Give again, word for word, each line of the data from the first through the one containing "Giraffe Full Mount - Drinking GFD2 - Image 2". Pictures stay out.

[Crawled caption data]

•••••

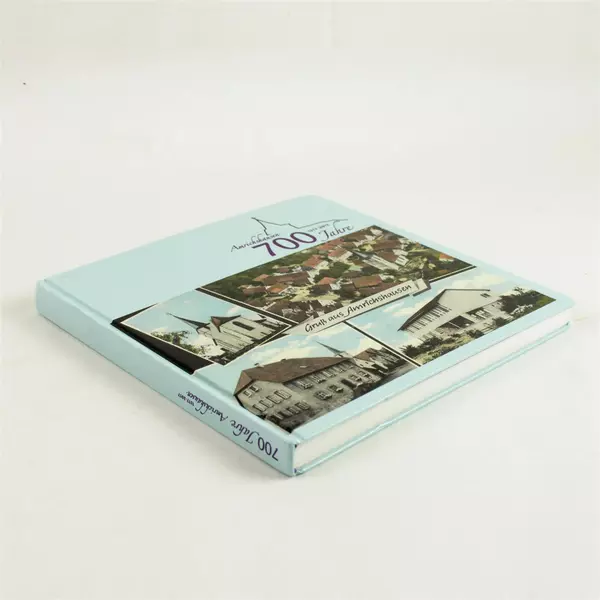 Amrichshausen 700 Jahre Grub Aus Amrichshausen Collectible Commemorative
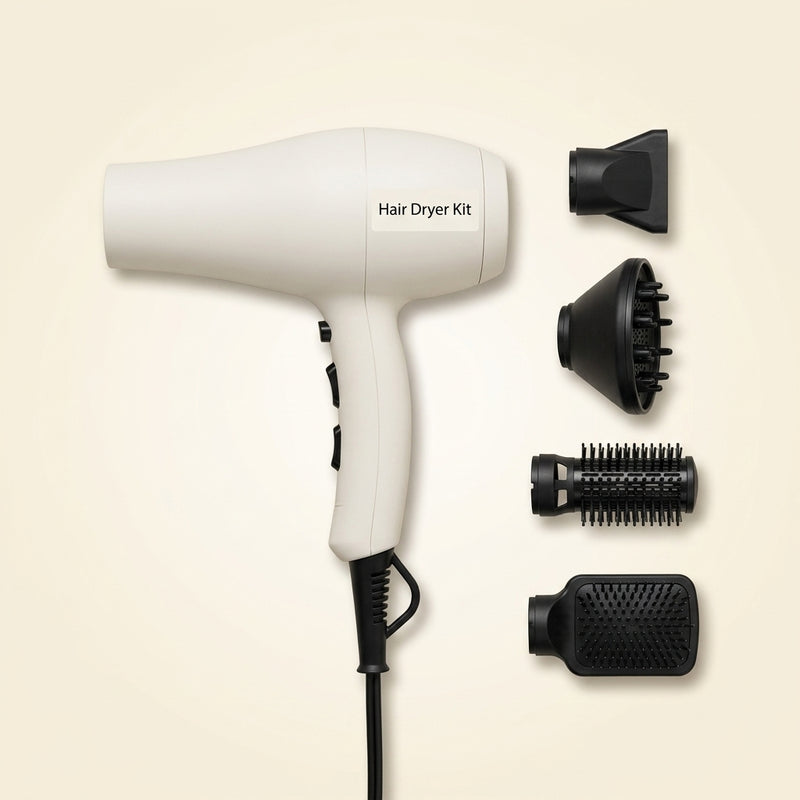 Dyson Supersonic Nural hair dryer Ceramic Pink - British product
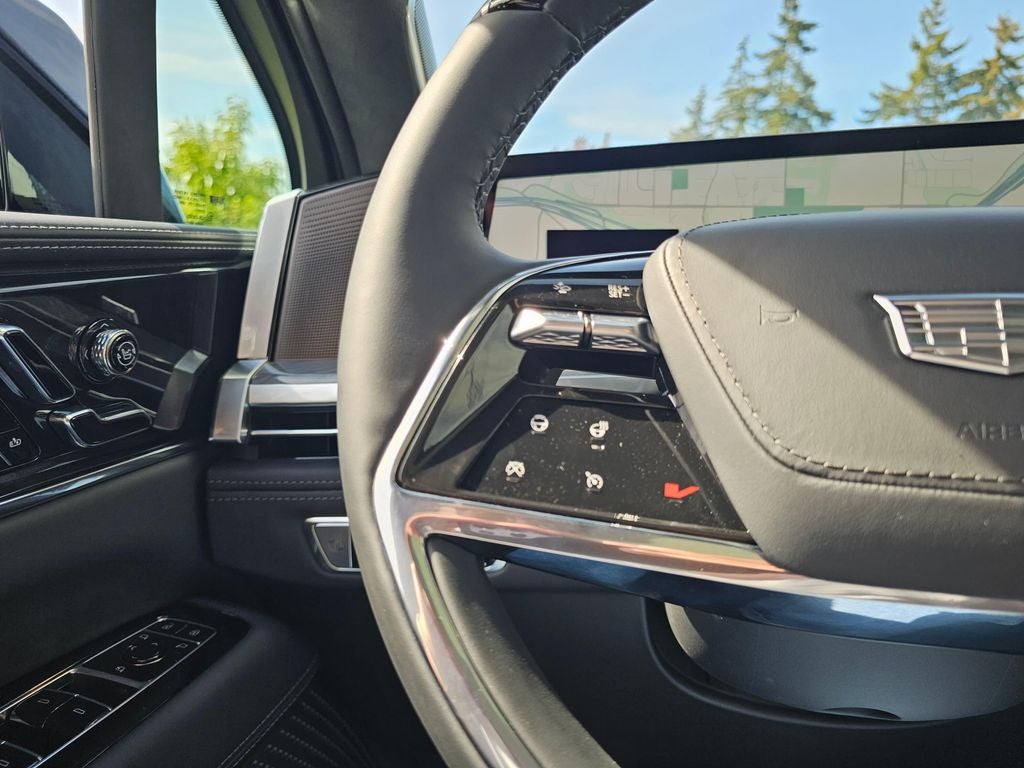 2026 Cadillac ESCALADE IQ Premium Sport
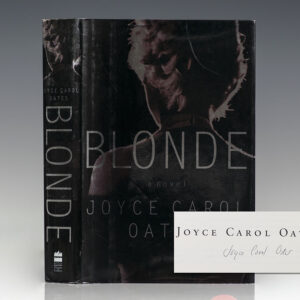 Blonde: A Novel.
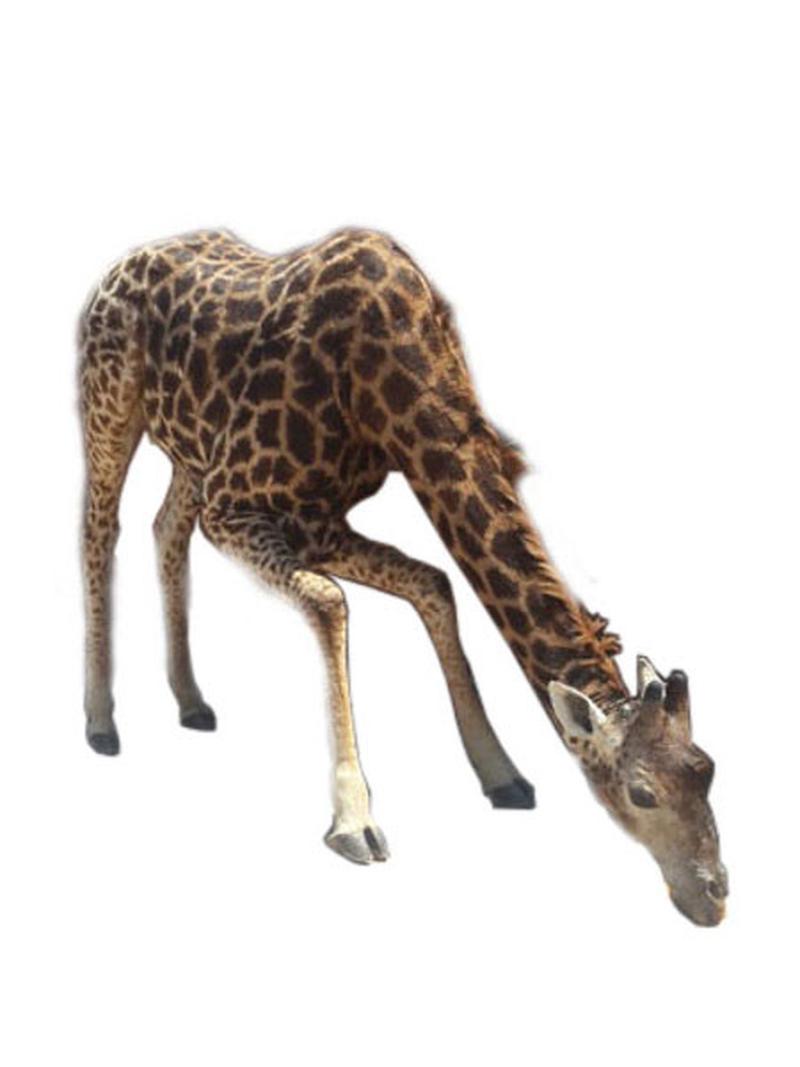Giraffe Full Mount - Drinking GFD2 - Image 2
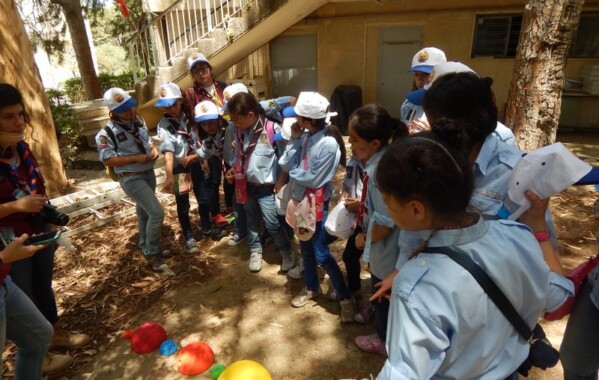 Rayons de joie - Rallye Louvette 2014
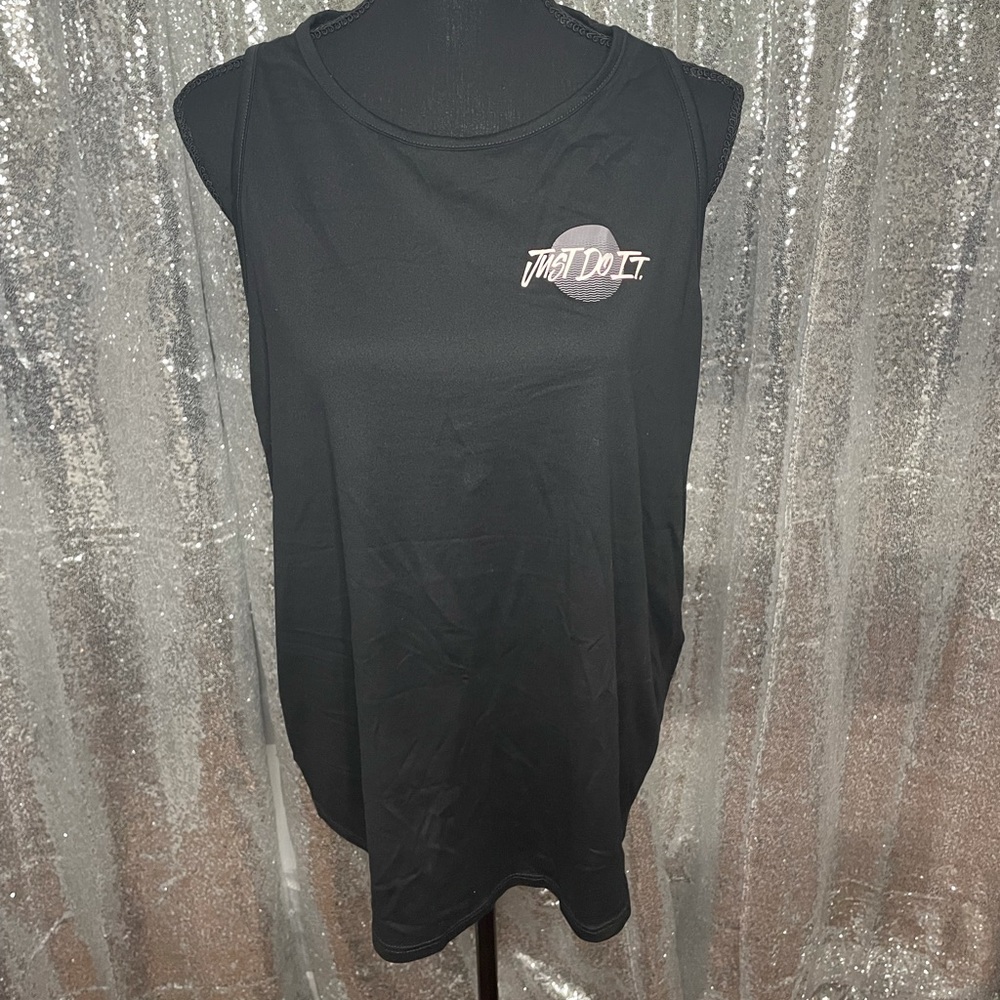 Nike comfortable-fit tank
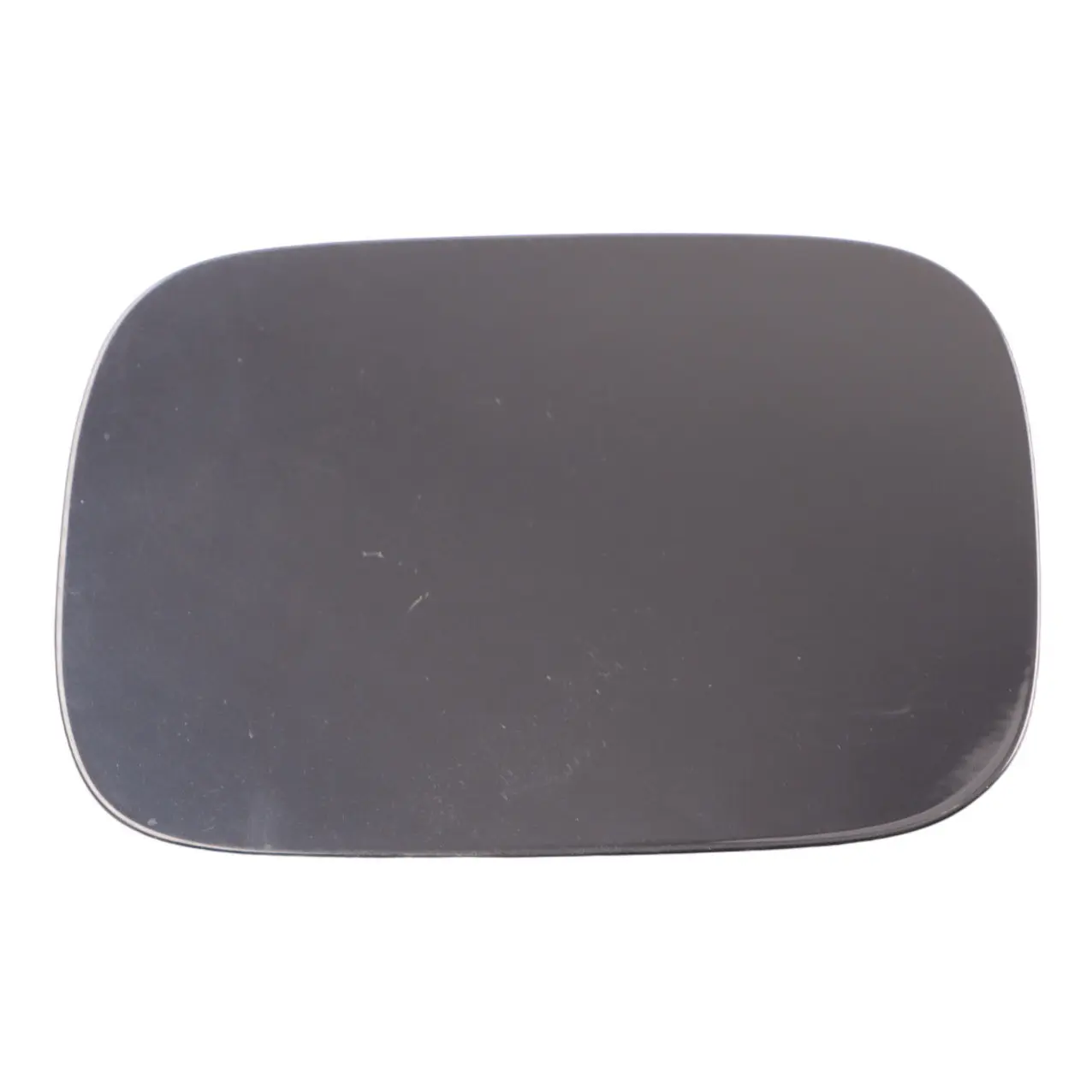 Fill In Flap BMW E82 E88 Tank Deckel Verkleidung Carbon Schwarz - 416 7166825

•••••

> Answer area:
 Amrichshausen 700 Jahre Grub Aus Amrichshausen Collectible Commemorative
 Dyson Supersonic Nural hair dryer Ceramic Pink - British product
 2026 Cadillac ESCALADE IQ Premium Sport
 Blonde: A Novel.
Giraffe Full Mount - Drinking GFD2 - Image 2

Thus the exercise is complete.